We have chosen the period from 7^th to 15^th January 2015 for our study. At that time a sequence of severe winter thunderstorms hit Ireland, the UK, Norway, Denmark, Germany, and Poland. During this period we have selected VLF data which were recorded at least two hours after the sunrise and two hours before the sunset, so that we can be sure the signals were received under daytime conditions. This gave us 59–62 data records of 144 s for each day, obtained during approximately 5 daytime hours. We have chosen the strongest atmospheric in each data record and searched for the signatures of frequency dispersion close to the critical frequency of the first-order waveguide mode in their time-frequency spectrograms. We have found promising unusual signs of dispersion for some of these atmospherics (Fig. 1c) and we have even successfully observed atmospherics with clearly pronounced tweeks (Fig. 1d). Their daily numbers varied irregularly between 0 and 17 cases.

In 545 data records collected during 9 stormy days we have altogether found 42 daytime tweeks which were strong, long and isolated enough to be analyzed for the first time using the newly designed “instantaneous frequency” method based on the Hilbert transform. This technique not only provides us with estimates of reflection heights but it also gives us propagation distances of the observed daytime tweeks (see Methods). To measure their arrival azimuth we use a direction finding technique based on our 3-component measurement of electromagnetic fields (see Methods).

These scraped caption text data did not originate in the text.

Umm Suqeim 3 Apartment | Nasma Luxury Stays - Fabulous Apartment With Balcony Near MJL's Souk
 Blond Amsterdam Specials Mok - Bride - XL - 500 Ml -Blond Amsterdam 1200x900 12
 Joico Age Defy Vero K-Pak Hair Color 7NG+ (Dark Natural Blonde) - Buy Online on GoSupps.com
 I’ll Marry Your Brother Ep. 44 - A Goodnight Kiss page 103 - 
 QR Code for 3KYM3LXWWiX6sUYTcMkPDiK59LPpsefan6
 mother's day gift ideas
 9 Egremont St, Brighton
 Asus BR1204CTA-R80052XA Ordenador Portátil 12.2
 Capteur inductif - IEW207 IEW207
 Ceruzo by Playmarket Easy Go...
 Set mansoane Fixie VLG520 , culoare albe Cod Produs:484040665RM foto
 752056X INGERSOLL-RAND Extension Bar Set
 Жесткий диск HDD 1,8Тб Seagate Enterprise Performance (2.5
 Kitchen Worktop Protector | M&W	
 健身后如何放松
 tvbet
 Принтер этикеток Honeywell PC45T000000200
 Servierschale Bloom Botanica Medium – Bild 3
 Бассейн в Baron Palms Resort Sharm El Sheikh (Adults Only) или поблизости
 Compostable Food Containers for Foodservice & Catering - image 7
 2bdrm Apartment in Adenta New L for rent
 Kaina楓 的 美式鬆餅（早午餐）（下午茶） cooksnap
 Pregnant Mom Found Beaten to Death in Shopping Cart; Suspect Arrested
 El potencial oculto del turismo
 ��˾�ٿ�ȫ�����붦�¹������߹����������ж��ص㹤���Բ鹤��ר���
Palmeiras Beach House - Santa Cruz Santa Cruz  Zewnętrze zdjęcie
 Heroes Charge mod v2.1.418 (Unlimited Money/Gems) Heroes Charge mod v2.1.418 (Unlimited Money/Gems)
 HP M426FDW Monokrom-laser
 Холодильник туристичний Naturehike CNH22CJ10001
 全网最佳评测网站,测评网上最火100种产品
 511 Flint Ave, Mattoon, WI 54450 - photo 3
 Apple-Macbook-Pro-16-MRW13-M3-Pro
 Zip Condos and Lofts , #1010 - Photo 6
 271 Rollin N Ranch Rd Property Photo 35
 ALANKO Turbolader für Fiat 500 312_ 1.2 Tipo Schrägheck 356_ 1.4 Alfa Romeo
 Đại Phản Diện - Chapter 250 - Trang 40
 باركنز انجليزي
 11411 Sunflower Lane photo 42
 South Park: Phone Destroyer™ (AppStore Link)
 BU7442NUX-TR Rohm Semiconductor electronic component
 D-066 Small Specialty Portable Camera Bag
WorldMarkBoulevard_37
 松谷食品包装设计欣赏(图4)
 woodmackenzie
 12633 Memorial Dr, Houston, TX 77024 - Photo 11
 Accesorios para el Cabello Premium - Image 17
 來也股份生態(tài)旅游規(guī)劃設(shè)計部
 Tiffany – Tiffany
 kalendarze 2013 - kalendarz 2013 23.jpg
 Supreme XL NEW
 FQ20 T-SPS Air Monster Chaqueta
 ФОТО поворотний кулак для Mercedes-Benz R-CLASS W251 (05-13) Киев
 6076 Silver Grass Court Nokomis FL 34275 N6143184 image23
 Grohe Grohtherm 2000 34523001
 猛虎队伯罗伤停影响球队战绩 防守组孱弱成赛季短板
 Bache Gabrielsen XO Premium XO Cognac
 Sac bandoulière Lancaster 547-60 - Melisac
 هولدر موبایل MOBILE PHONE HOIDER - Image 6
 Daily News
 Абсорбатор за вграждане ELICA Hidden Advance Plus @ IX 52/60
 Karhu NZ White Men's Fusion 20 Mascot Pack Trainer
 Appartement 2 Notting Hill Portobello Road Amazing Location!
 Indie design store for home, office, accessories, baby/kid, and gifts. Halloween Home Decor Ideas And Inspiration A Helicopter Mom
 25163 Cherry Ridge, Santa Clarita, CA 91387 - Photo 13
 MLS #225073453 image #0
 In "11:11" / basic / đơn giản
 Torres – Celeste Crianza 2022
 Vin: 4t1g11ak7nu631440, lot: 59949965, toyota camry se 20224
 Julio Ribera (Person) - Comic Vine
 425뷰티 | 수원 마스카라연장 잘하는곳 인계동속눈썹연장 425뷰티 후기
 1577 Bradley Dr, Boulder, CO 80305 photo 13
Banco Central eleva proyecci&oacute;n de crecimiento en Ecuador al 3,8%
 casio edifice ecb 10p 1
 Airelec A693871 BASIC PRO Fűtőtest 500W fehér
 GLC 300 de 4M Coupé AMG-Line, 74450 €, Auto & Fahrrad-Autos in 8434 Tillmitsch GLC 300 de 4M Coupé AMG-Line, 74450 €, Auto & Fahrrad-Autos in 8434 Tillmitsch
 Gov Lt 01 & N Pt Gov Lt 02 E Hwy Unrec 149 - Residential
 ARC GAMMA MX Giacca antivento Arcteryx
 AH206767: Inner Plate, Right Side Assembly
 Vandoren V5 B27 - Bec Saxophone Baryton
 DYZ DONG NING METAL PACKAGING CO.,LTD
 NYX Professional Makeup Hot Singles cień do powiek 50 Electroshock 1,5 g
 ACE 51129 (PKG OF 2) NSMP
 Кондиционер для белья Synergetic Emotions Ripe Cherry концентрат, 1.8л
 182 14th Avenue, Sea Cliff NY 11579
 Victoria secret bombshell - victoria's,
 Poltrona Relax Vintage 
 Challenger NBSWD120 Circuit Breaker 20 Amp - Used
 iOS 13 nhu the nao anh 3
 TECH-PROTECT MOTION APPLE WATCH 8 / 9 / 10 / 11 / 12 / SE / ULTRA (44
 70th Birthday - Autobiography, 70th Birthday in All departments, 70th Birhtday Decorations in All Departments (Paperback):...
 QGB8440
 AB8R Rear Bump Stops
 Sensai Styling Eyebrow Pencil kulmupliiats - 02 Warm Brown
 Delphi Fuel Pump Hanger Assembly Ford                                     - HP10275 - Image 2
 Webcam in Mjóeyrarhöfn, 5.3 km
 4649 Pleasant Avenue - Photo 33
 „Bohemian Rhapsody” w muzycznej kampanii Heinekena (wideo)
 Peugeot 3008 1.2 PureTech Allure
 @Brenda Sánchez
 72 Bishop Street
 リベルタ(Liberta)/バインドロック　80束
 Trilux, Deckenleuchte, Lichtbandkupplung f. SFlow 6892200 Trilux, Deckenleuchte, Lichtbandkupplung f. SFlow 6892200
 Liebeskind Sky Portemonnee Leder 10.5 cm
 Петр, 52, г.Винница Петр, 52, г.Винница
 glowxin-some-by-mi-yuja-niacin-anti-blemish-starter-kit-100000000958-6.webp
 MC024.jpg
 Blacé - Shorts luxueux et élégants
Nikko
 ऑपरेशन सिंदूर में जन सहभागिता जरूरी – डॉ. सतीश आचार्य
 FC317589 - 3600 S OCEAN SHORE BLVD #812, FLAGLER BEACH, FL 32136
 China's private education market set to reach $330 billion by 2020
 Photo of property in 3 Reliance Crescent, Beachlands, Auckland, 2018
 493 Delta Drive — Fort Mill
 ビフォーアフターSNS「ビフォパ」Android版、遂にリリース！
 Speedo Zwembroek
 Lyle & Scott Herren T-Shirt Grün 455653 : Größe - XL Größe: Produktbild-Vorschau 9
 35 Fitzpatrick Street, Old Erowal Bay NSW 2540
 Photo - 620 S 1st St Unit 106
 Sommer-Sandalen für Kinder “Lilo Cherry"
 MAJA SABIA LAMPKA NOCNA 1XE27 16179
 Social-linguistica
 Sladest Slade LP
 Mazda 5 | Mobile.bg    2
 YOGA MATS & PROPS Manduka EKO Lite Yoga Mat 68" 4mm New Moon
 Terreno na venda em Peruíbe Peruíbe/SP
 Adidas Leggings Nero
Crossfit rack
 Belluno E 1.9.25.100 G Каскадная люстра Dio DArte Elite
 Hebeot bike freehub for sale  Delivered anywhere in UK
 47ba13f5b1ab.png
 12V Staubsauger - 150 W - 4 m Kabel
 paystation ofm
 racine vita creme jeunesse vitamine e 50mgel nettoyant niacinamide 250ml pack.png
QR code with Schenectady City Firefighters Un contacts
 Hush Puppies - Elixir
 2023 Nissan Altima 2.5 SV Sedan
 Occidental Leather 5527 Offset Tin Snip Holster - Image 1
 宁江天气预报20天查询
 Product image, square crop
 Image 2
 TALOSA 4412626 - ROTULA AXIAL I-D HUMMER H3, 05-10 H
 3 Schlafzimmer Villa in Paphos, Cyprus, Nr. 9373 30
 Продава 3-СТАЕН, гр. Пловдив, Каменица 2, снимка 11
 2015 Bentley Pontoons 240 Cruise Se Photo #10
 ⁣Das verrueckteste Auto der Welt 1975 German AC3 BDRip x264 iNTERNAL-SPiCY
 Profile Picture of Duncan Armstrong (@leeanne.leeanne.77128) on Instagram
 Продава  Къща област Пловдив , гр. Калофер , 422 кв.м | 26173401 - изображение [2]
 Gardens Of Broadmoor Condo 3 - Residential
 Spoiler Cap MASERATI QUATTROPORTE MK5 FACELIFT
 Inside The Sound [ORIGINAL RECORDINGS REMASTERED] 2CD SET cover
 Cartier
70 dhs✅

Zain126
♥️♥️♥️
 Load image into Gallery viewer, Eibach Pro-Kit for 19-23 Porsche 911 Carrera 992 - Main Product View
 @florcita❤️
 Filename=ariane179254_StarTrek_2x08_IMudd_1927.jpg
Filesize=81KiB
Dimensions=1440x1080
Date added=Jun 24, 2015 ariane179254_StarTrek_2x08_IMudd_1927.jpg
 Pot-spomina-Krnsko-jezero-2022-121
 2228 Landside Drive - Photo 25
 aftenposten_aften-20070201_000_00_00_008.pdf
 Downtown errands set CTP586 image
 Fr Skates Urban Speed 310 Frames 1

Locations of source lightning strokes

For all 42 cases, the resulting propagation distances d (Methods, equation 2) of daytime tweeks vary from 1232 to 3379 km, with a peaked distribution around d~2000 km, as it is shown in Fig. 2a. From the least squares fits of the observed tweek traces we obtain an average experimental uncertainty of 19 km, while the maximum estimated uncertainties of the propagation distance induced by possible errors of the ground wave timing are around 60 km.

Figure 2

Distribution of propagation distance and azimuth of arrival of daytime tweek atmospherics. (a) Histogram of propagation distances d of the observed tweeks. (b) Histogram of the azimuth of arrival of the corresponding atmospherics.

The estimated arrival azimuth fell into the interval between −43° and +36° in 40 cases (Fig. 2b) indicating that these tweek signals traveled to our receiver from the northern quadrant. The arrival azimuth was about 105° for the remaining two tweeks, pointing to the East. The experimental uncertainty of the arrival azimuth angles (calculated from the results obtained at different frequencies from 7 to 13 kHz) varies between 1.0° and 6.9° with an average value of 2.4°. For example, the event from Fig. 1d gives a propagation distance of 1291 ± 13.8 km and an azimuth of +20.4° ± 1.4°.

Knowing the estimated propagation distances and arrival azimuths we can localize the source lightning strokes for the observed daytime tweeks. In 39 cases they were found in the region of the North-Atlantic thunderstorms (Fig. 3) and in 2 remaining cases the sources were found in an abnormally strong winter thunderstorm which brought snow and hail to the Middle East¹⁶ (not shown).

Figure 3

Locations of source lightning strokes. Red and blue dots represent positive and negative lightning strokes, respectively; a green cross shows the location of our VLF receiving station. (map has been plotted using the Interactive Data Language ver. 8.6.0). Horizontal arrow on the left marks an event which occurred 29 minutes before the local sunrise and was therefore excluded from the analysis. Another arrow highlights an event at a latitude of 54.6°N and a longitude of 12.4°E which is shown as an example in Figures 1d and 6.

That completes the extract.